このレビューはネタバレを含みます
役所広司やばいなあ。映画見終わった今となっては三上さんにしか思えない。
およそ30年刑務所で過ごし、殺人罪で13年の刑期を終えた三上(役所広司)が、苦手とする世の中に出て、もがき苦しむ物語。
タイトル『すばらしき世界』は秀逸。我々が築き上げたすばらしき世界は、三上さんにとっては息苦しい。
全く不器用ながら、勧善懲悪に努める三上さんが生きる世界は、取材記者津野田(中野大賀)には時に眩しく映る。
少なくとも、就職が決まったお祝い会の場において、”逃げるが勝ち”論になった時、少なくとも津野田はそれでいいとは言えず、言いよどんだ。
ここ!
映画見てると、こういうシーンでグッと来ちゃう!言おうとして言わないw
言おうとして言わなかったことが気になって、映画の帰り道で、色々考えながら帰る。これが醍醐味。(欲を言えば誰かと一緒に見て、色々話したいが…w)

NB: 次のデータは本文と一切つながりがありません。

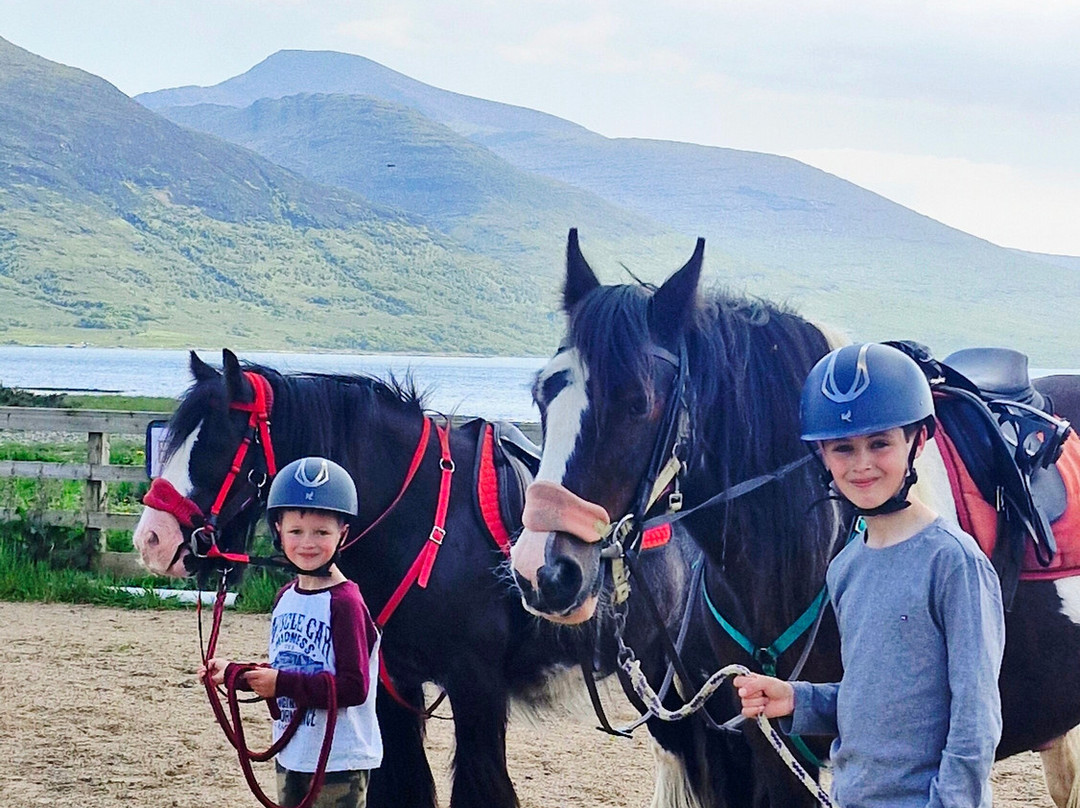 Mull Pony Trekking-马尔岛必去景点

個人的には『男をつらいよ』シリーズを思い出したかな。あの、やくざ者寅さんが現代でカタギの仕事に就こうとして奮闘しているようにも。三上さんであり、寅さんであり、本来我々が発揮しても良いであろう人間臭さが溢れてる。
あと、記憶したいなー、て心に刻み込まれるセリフが多かった。心に刻み込まれたハズが、ほとんど忘れてしまう自分が悲しい💦
長澤まさみが言った「最後まで撮るか、途中で助けに入るかしなさいよ!」は津野田の心にも自分の心にも刺さったw
見た目と内面が異なる登場人物の描き方とか、それでもこの世界は捨てたものじゃないぞ、て感じの三上さんを支える人々の描き方も自分の好み。
最後のシーン。橋爪功妻、梶芽衣子が三上さんに作ってもらったバッグを胸でギュッとしてて涙が止まらんくなってしまった。